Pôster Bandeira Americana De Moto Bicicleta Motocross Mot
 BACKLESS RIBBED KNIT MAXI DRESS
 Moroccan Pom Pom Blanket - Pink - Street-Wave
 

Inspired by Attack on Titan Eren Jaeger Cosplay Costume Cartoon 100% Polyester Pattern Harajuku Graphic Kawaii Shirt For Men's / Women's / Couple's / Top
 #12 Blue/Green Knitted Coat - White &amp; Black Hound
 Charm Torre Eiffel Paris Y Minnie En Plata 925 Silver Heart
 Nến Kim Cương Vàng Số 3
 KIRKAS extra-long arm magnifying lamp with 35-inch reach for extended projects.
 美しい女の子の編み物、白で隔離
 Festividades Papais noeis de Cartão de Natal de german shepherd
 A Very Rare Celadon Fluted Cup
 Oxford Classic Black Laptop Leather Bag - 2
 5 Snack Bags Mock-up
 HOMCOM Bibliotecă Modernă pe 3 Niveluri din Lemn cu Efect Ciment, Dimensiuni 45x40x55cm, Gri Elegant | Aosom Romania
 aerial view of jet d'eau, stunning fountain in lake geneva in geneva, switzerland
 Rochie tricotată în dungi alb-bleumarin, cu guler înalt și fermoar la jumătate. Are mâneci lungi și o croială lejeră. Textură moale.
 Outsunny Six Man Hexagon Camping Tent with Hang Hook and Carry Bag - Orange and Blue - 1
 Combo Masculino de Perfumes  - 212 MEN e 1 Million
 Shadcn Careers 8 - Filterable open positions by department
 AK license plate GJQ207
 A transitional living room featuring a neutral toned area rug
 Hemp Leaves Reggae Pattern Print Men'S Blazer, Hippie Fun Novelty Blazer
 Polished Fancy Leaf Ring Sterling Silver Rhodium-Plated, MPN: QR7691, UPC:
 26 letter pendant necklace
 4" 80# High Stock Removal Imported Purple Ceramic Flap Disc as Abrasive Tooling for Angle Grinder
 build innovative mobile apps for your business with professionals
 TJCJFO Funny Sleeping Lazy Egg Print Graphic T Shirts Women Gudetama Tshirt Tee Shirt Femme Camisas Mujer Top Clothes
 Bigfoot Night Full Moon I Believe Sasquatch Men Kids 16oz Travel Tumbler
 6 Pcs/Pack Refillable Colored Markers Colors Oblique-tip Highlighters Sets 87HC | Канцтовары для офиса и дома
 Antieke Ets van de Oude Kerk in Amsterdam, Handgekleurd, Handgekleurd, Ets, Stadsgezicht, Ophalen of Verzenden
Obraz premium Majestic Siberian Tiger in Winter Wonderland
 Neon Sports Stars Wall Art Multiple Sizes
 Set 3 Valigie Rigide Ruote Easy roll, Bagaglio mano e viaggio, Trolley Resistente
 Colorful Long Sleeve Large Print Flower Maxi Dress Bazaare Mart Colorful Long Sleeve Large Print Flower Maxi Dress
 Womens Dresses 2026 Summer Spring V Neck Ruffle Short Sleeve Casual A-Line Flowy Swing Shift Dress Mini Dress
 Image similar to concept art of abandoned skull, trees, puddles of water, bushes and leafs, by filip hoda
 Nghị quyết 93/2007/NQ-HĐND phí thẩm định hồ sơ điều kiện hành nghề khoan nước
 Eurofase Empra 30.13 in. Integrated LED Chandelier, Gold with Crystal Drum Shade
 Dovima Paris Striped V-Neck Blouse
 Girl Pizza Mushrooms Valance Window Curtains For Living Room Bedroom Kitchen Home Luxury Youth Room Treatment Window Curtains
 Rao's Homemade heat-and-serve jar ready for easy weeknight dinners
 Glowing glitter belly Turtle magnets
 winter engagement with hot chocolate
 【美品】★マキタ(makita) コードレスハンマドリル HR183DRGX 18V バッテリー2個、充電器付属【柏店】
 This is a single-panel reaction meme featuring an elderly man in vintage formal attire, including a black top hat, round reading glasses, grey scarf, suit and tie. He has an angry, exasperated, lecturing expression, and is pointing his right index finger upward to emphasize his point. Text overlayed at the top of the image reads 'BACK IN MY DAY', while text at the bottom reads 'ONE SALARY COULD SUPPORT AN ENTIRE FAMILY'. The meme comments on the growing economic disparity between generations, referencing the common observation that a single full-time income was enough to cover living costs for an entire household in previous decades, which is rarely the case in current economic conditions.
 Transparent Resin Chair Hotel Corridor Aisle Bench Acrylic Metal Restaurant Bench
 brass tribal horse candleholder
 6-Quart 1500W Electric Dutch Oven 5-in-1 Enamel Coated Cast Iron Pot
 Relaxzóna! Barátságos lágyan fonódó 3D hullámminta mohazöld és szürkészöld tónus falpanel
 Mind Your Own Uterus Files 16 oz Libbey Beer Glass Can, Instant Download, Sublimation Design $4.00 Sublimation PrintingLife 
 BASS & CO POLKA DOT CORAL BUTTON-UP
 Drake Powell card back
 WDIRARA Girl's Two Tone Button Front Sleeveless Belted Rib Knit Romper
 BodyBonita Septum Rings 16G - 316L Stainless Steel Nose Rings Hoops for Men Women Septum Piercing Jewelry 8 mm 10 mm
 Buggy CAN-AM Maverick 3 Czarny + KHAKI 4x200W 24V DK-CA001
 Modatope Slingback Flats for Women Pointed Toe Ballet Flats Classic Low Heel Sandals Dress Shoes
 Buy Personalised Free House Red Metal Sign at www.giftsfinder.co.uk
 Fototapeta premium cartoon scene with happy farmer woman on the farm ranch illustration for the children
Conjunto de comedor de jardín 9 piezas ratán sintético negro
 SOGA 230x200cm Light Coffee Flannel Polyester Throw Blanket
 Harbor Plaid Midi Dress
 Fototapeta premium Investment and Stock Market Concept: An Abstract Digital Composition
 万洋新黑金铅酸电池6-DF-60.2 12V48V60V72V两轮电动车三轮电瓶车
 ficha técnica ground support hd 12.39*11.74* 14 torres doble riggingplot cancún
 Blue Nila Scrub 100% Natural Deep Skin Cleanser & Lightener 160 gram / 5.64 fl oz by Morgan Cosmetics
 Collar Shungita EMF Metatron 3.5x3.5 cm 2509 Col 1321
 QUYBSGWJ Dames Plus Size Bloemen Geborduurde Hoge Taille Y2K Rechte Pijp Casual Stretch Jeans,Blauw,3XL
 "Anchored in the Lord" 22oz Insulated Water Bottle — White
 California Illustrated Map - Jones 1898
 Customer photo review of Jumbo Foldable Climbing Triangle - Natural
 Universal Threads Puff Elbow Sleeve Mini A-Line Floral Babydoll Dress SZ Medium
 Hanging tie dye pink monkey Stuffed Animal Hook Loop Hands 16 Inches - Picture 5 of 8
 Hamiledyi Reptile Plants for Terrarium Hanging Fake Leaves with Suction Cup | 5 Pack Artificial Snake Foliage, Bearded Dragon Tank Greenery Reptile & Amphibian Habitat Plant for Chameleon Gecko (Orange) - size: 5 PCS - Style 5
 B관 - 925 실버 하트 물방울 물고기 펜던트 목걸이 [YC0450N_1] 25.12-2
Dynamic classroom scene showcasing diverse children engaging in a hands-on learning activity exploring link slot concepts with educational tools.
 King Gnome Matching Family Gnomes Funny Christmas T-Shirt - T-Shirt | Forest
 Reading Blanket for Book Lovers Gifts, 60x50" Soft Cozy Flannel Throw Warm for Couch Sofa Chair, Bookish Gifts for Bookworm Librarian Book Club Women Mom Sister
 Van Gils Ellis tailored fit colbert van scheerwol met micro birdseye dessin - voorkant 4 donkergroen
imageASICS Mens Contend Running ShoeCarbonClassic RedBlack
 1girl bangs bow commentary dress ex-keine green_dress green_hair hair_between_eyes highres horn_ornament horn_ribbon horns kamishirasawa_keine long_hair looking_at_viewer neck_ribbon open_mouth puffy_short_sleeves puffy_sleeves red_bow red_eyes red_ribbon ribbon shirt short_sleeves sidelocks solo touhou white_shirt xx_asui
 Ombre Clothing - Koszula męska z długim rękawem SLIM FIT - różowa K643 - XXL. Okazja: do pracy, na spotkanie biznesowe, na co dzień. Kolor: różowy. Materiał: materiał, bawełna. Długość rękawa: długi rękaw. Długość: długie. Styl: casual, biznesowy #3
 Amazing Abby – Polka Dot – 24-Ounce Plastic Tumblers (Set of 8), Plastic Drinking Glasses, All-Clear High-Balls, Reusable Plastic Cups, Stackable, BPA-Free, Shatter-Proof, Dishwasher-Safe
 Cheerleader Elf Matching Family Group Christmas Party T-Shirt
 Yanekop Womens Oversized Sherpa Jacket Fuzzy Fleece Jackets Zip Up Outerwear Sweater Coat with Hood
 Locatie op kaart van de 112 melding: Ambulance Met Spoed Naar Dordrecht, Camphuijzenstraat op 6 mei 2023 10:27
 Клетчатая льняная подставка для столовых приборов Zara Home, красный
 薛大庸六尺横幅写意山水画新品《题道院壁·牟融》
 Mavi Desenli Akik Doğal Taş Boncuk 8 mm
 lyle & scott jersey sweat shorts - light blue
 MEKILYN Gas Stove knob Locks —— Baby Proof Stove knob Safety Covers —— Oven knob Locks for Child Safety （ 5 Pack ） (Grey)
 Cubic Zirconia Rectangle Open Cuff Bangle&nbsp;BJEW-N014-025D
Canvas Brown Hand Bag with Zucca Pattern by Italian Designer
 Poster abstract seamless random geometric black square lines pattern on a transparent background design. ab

----

- What the task asks -
If a line in the data contains the string "Silver", copy it.

- The answer -
 Charm Torre Eiffel Paris Y Minnie En Plata 925 Silver Heart
 Polished Fancy Leaf Ring Sterling Silver Rhodium-Plated, MPN: QR7691, UPC:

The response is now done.